La crisi dei negozi titolari e commessi puniti dallo Stato

La crisi dei negozi titolari e commessi puniti dallo Stato

Lo sciopero dei lavoratori del commercio e del turismo ha causato disagi a chi, in vista del Natale, proprio in queste ore deve fare i salti mortali per trovare i regali natalizi. Non si può però negare che la situazione di chi lavora nei servizi sia spesso difficile, anche se è opportuno chiedersi quanto sia sensata quella versione dei fatti che oppone i buoni dipendenti ai cattivi padroni.
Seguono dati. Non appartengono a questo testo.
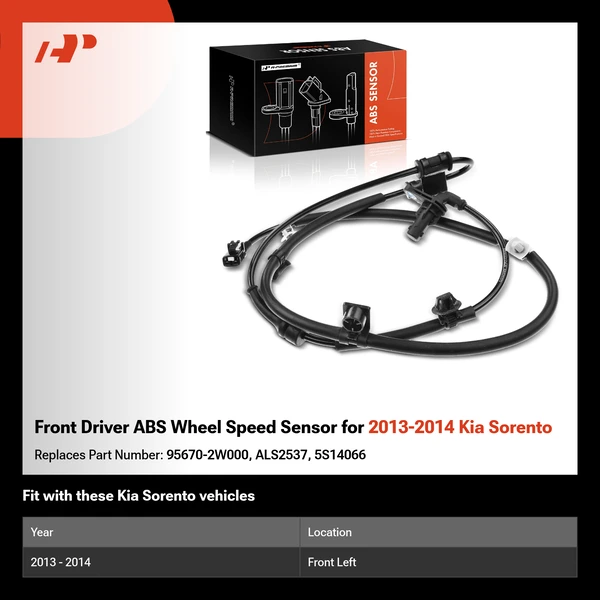 Front Driver ABS Wheel Speed Sensor for 2013-2014 Kia Sorento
Per evitare ogni semplificazione è doveroso in prima battuta avere ben presente che in Italia le remunerazioni – nel commercio e non solo – sono assai più basse che in quasi tutti gli altri Paesi occidentali, ma al tempo stesso è bene ricordare che questo si deve in primo luogo al fatto che l’economia italiana non cresce da un paio di decenni a causa di politiche stataliste e assistenziali, spesso sponsorizzate dai sindacati.

Ha senza dubbio ragione, allora, chi ricorda che ci sono lavoratori ai limiti della povertà (in quanto precari o impiegati solo a tempo parziale), e anche chi fa presente che pure gli assunti a tempo indeterminato e che lavorano l’intera settimana hanno stipendi modesti. Queste però sono le paghe di un Paese che s’è impoverito a ogni livello e nel quale «fare impresa», d’altra parte, è sempre più complicato.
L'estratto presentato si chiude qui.